2 – “The Web is for all intents and purposes infinite, with wide use of dynamic page generation. At the same time, users are becoming more impatient.” – this means it also has to be super fast.
3 – There’s a divide in the research arena:
“IR research is strongly driven by a problem, whereas Semantic Web research is driven by a solution. Metaphorically speaking, Semantic Web researchers are like the hobbyist toolsmith who has the idea for the perfect tool and presents compromises on the design. However, IR, as a customer, is interested in buying a hammer that might not be perfect but can drive nails quickly and precisely.”
I love that particular quote and that analogy, it’s exactly right.
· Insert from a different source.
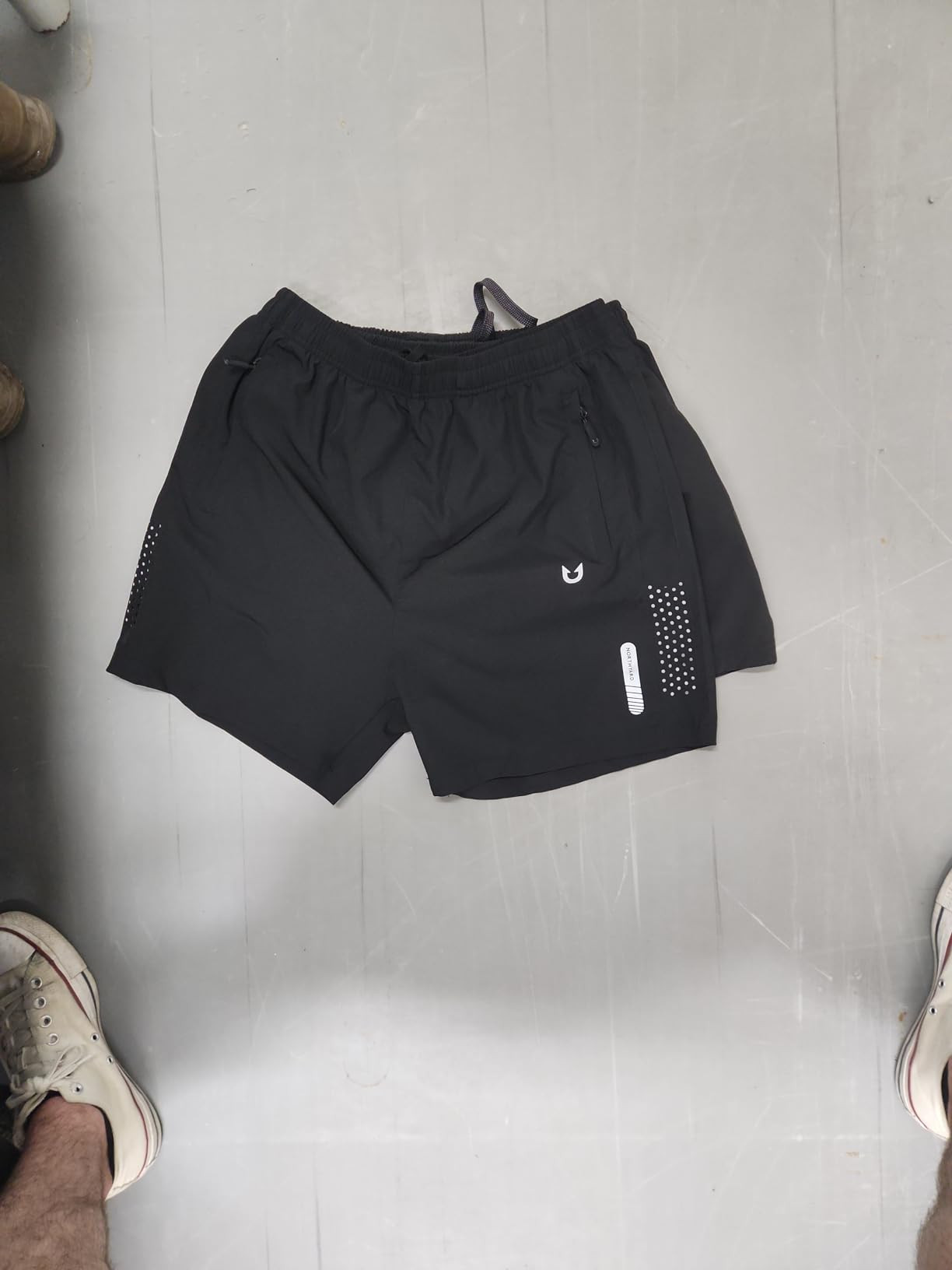 NORTHYARD Men's Athletic Running Shorts Gym Workout Shorts 7"/ 9"/ 5" Quick Dry Lightweight Sport... | Amazon (US)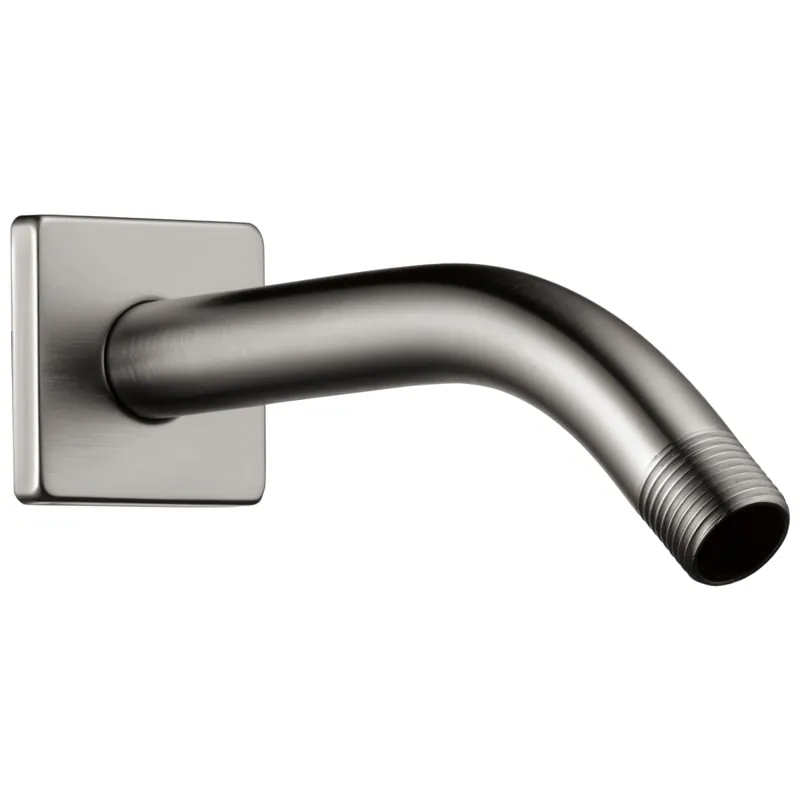 Brizo RP74448SL Siderna 7 in Shower Arm and Flange Luxe Steel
They go on to explain how the notion of “relevance” is changing as well, meaning that we’re no longer looking for the same things as we were 10 years ago for example. Nowadays we are also looking at user intent and behavioural variables which weren’t included before. As they point out, as the technology advances and as we have a need for new, better tools, IR and the semantic web will meet.
Why should you care?
The semantic web is not dead, it is quite healthy and developing. Eventually it will be a strong feature in information retrieval and also on the web at large. It’s important to keep on top of developments and start finding out more about how it can be integrated in websites and how it can benefit them. As the authors say, if it’s going to help the search engines find your site more easily, I reckon every SEO will eventually be frantically optimising for it!